Personal information
- Nationality: British (English)
- Born: 15 September 1926 Hammersmith, London, England
- Died: 31 January 1988 (aged 61) Watford, England
- Height: 186 cm (6 ft 1 in)
- Weight: 75 kg (165 lb)

Sport
- Sport: Athletics
- Event: High jump
- Club: Polytechnic Harriers

= Ron Pavitt =

British athlete (1926–1988)

Ronald Cecil John Pavitt (15 September 1926 - 31 January 1988) was a British athlete who competed in the men's high jump at the 1948 Summer Olympics and the 1952 Summer Olympics.

== Biography ==
In 1944, Pavitt won the AAA Southern Area junior title and in 1946 won the two titles at the Royal Navy and Royal Marines Championship.
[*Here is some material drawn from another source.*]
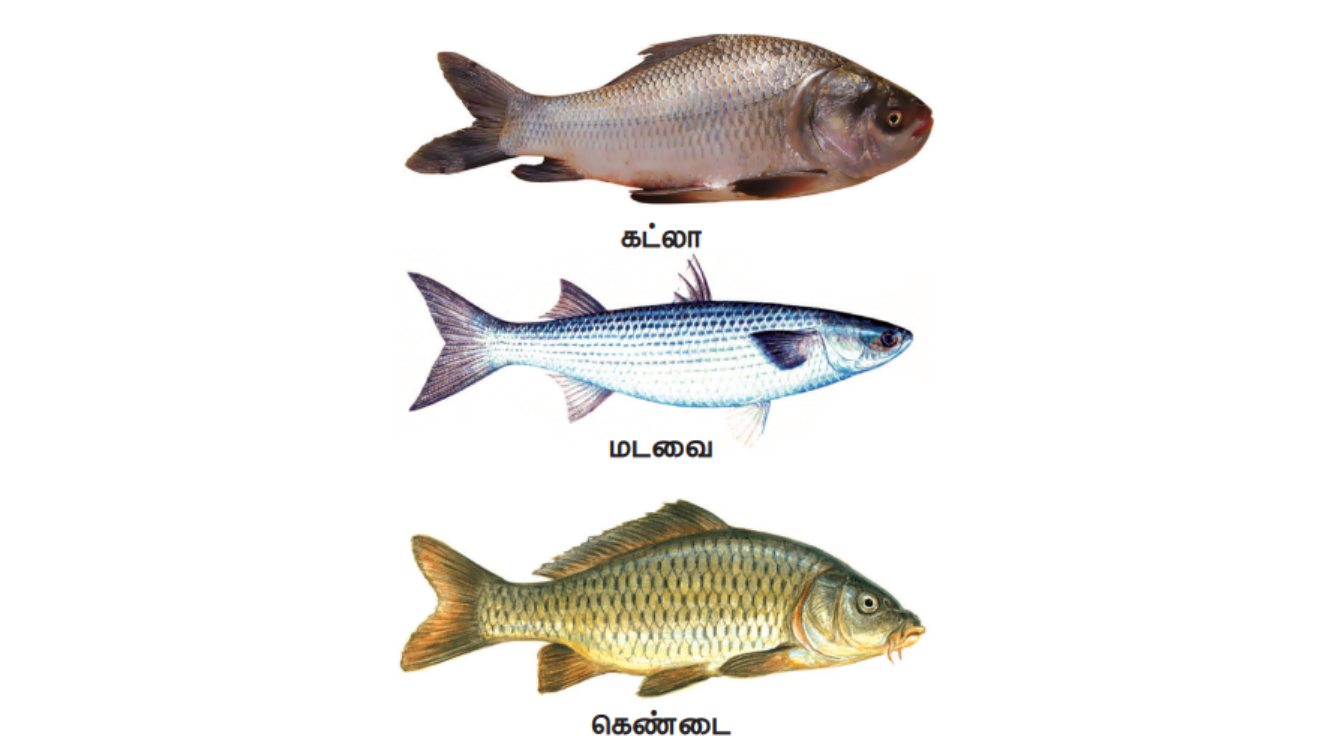 மீன் குஞ்சுகளை ஆக்ஸிஜன் பைகளில் அடைக்கும் ஊழியர்கள்.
Pavitt was a radio mechanic with the Royal Navy Air Command at the time but would later work for Lyons food. Additionally in 1946 he finished second behind Alan Paterson in the high jump event at the 1946 AAA Championships. Pavitt finished second again, this time behind Adegboyega Adedoyin at the 1947 AAA Championships.

Pavitt represented the Great Britain team at the 1948 Olympic Games in London before finishing second for the third and fourth time at the 1949 AAA Championships and 1950 AAA Championships, Alan Paterson proving his nemesis again on both occasions.

Pavitt represented the England team in the high jump at the 1950 British Empire Games in Auckland, New Zealand and later that summer finally became British high jump champion after winning the British AAA Championships title at the 1950 AAA Championships.

Pavitt retained his AAA title at the 1951 AAA Championships before being selected for his second Olympics. He represented the Great Britain team at the 1952 Olympic Games in Helsinki, finishing fifth and missing a medal by just 3cm.